The experiment analyzed the accuracy in properly assigning the user identity when a user exited the sensing scope range of multiple sensors and then re-entered it.

Table 2 presents the accuracy of identification for the single user entering the sensing scope range using the sample data from Table 1. In accordance with the experiment results, User 5 shows lower accuracy in the identification than other users. However, all other users have a high accuracy in identification when they exit the sensing scope for a short time and re-enter it.

Table 2 Accuracy of single user identification

Table 3 shows the identification accuracy when multiple users enter the sensing scope range. In multi-user identification, the average identification accuracy is decreased. Because skeleton information captured from an immovable user is slightly different for each frame, the color features from a user’s body parts are also different. By this phenomenon, extraction of color features from three body parts can be affected. To reduce such influence, a method to extract same feature from each body part in the different frames should be studied in the future. Figure 10 illustrates the experimental results of identifying the same person among multiple users.

Table 3 Accuracy of multi-user identification
Fig. 10
figure 10

Result images of multi-user identification

4.4.2 Same-person identification under IR space lighting changes

Most previous studies that selected color as the user feature showed that the identification accuracy is significantly reduced when the lighting changes. Accordingly, the present experiment identified multiple users both in bright and dark environments. Moreover, the lighting intensity was changed during the experiment for identifying multiple users. Based on the results, User 1 with a patterned top, User 2 with a pink top, User 3 with a black top and pants, and User 6 with a top with yellow lettering were identified among the six users. However, User 4 was frequently misidentified as User 3, which made it difficult to identify User 4. Table 4 presents the user identification status in accordance with lighting intensity changes.

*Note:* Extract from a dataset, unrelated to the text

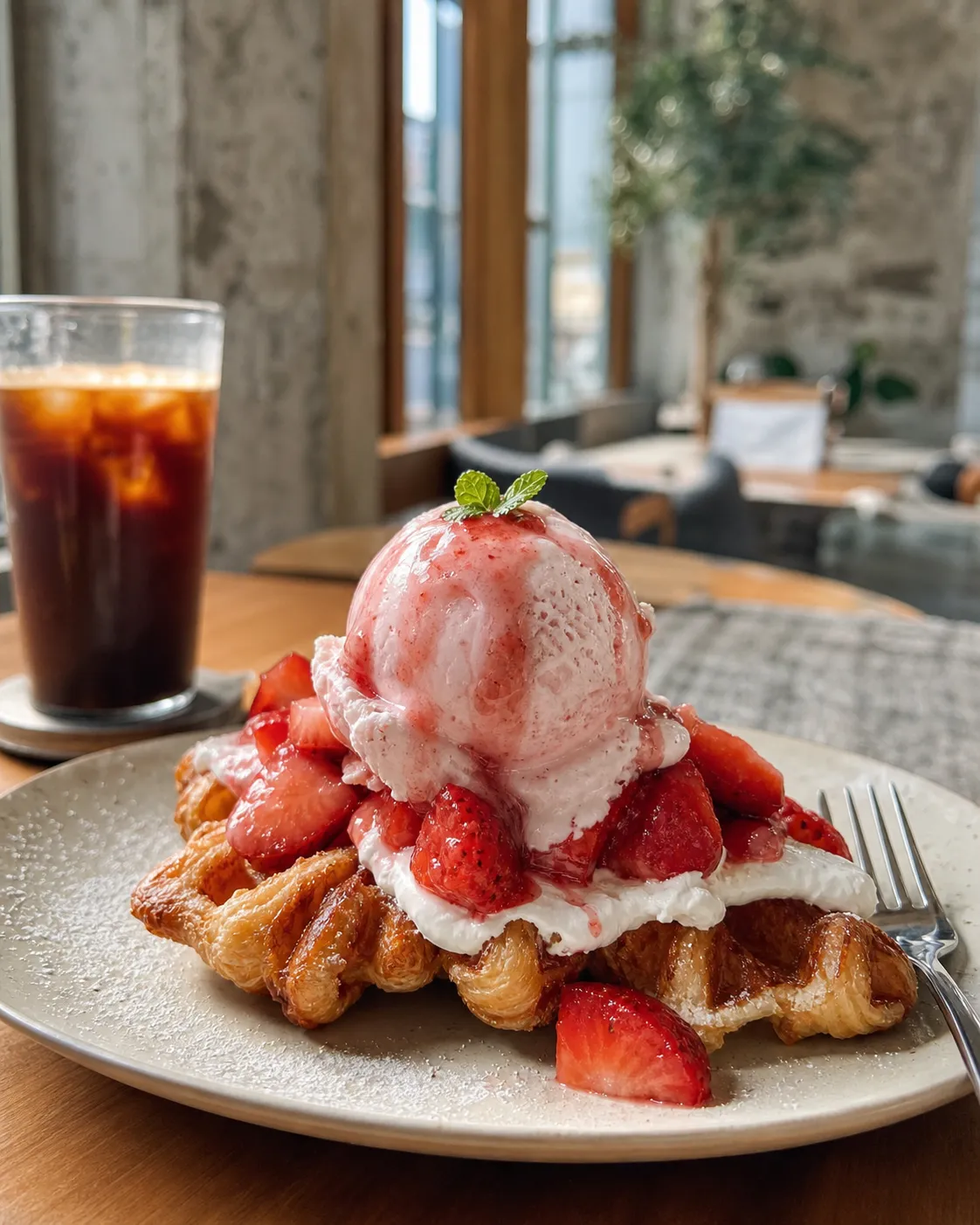 Seongsu Fresh Strawberry Cream Croffle Guide Near Seoul Forest 2 성수동 딸기아이스크림 크로플 Seoul Forest cafe guide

Table 4 Identification results based on lighting changes

4.4.3 Identification accuracy when more than two users wore similarly colored and patterned clothing

The proposed algorithm used the color and pattern of the user’s head, along with the color and pattern of the clothing top and pants, as the user features. The experiment was executed to analyze the identification when more than two users wore similarly colored and patterned clothing. Table 5 outlines the results.

Table 5 Identification rate of users wearing similarly colored and patterned clothes under lighting changes

5 Conclusion

In existing studies, when identifying the same person among multiple users, blocking or overlapping of a user by other users under lighting intensity changes is an obstacle to accurately extracting the user features. This obstacle makes it difficult to identify the same person when a user exists and then re-enters the sensing scope range.

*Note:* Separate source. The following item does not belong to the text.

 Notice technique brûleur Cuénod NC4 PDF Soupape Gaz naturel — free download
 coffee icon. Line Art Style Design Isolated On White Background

In this study, the CIELAB color model and LBP were used. They did not have a significant impact from lighting intensity changes. The sensing scope range was expanded using multiple sensors, and the user feature data were synchronized to enable user identification by employing additional sensors when one sensor failed to identify the user. This approach reduced users blocking or overlapping each other. The performance of the proposed approach was assessed by presenting the performance assessment standards. According to the results, the identification accuracy of the approach is 89.75 % when multiple users exit the sensing scope range and then re-enter it. Under lighting intensity changes, the system identifies that four out of five users are the same person. The same person can be identified among multiple users because the user identity is retained without changing, even when the users are blocking or overlapping each other. Because current latest version of Kinect is now available, we are planning to upgrade our system to be operated under Kinect v2. And, in our continuous research on this system, the proposed method is scheduled to run in more states of users. For instances, the method needs to be operated though the distance between the sensor and a user is varied and the users are conducting random gestures.